* _Work request_: Since the entries below must stay intact, return each one exactly.

* _Given data_:
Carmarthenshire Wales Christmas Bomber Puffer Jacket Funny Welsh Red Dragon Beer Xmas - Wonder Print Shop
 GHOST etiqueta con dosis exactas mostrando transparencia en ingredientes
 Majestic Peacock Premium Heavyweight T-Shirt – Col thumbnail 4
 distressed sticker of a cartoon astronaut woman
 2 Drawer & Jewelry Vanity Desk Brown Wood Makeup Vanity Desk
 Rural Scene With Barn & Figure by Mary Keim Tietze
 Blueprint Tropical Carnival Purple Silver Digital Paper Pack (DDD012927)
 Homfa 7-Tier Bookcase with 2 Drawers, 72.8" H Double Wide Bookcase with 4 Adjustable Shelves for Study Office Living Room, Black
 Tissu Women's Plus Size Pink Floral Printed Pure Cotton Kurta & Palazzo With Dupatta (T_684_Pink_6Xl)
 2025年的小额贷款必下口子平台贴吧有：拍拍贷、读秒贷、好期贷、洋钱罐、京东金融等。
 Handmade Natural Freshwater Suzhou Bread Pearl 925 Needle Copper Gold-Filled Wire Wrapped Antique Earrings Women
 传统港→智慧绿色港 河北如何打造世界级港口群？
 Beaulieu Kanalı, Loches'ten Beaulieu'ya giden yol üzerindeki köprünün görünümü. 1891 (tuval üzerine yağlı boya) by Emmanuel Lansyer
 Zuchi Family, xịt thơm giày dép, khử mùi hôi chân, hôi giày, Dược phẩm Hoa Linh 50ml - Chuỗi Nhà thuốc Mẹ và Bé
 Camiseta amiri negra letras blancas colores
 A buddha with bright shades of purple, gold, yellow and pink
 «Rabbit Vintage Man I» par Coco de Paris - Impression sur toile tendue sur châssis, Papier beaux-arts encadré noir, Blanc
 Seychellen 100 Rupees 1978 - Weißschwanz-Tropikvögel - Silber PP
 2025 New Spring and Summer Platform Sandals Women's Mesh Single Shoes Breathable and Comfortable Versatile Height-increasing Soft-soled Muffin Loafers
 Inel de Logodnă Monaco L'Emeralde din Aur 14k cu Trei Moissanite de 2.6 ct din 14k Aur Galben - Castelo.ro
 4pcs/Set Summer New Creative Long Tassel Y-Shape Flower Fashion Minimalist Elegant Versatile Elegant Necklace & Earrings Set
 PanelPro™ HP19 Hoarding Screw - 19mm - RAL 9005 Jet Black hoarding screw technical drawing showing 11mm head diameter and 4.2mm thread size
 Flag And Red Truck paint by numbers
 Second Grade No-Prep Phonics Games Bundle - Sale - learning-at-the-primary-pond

* _Finished exercise_:
Carmarthenshire Wales Christmas Bomber Puffer Jacket Funny Welsh Red Dragon Beer Xmas - Wonder Print Shop
 GHOST etiqueta con dosis exactas mostrando transparencia en ingredientes
 Majestic Peacock Premium Heavyweight T-Shirt – Col thumbnail 4
 distressed sticker of a cartoon astronaut woman
 2 Drawer & Jewelry Vanity Desk Brown Wood Makeup Vanity Desk
 Rural Scene With Barn & Figure by Mary Keim Tietze
 Blueprint Tropical Carnival Purple Silver Digital Paper Pack (DDD012927)
 Homfa 7-Tier Bookcase with 2 Drawers, 72.8" H Double Wide Bookcase with 4 Adjustable Shelves for Study Office Living Room, Black
 Tissu Women's Plus Size Pink Floral Printed Pure Cotton Kurta & Palazzo With Dupatta (T_684_Pink_6Xl)
 2025年的小额贷款必下口子平台贴吧有：拍拍贷、读秒贷、好期贷、洋钱罐、京东金融等。
 Handmade Natural Freshwater Suzhou Bread Pearl 925 Needle Copper Gold-Filled Wire Wrapped Antique Earrings Women
 传统港→智慧绿色港 河北如何打造世界级港口群？
 Beaulieu Kanalı, Loches'ten Beaulieu'ya giden yol üzerindeki köprünün görünümü. 1891 (tuval üzerine yağlı boya) by Emmanuel Lansyer
 Zuchi Family, xịt thơm giày dép, khử mùi hôi chân, hôi giày, Dược phẩm Hoa Linh 50ml - Chuỗi Nhà thuốc Mẹ và Bé
 Camiseta amiri negra letras blancas colores
 A buddha with bright shades of purple, gold, yellow and pink
 «Rabbit Vintage Man I» par Coco de Paris - Impression sur toile tendue sur châssis, Papier beaux-arts encadré noir, Blanc
 Seychellen 100 Rupees 1978 - Weißschwanz-Tropikvögel - Silber PP
 2025 New Spring and Summer Platform Sandals Women's Mesh Single Shoes Breathable and Comfortable Versatile Height-increasing Soft-soled Muffin Loafers
 Inel de Logodnă Monaco L'Emeralde din Aur 14k cu Trei Moissanite de 2.6 ct din 14k Aur Galben - Castelo.ro
 4pcs/Set Summer New Creative Long Tassel Y-Shape Flower Fashion Minimalist Elegant Versatile Elegant Necklace & Earrings Set
 PanelPro™ HP19 Hoarding Screw - 19mm - RAL 9005 Jet Black hoarding screw technical drawing showing 11mm head diameter and 4.2mm thread size
 Flag And Red Truck paint by numbers
 Second Grade No-Prep Phonics Games Bundle - Sale - learning-at-the-primary-pond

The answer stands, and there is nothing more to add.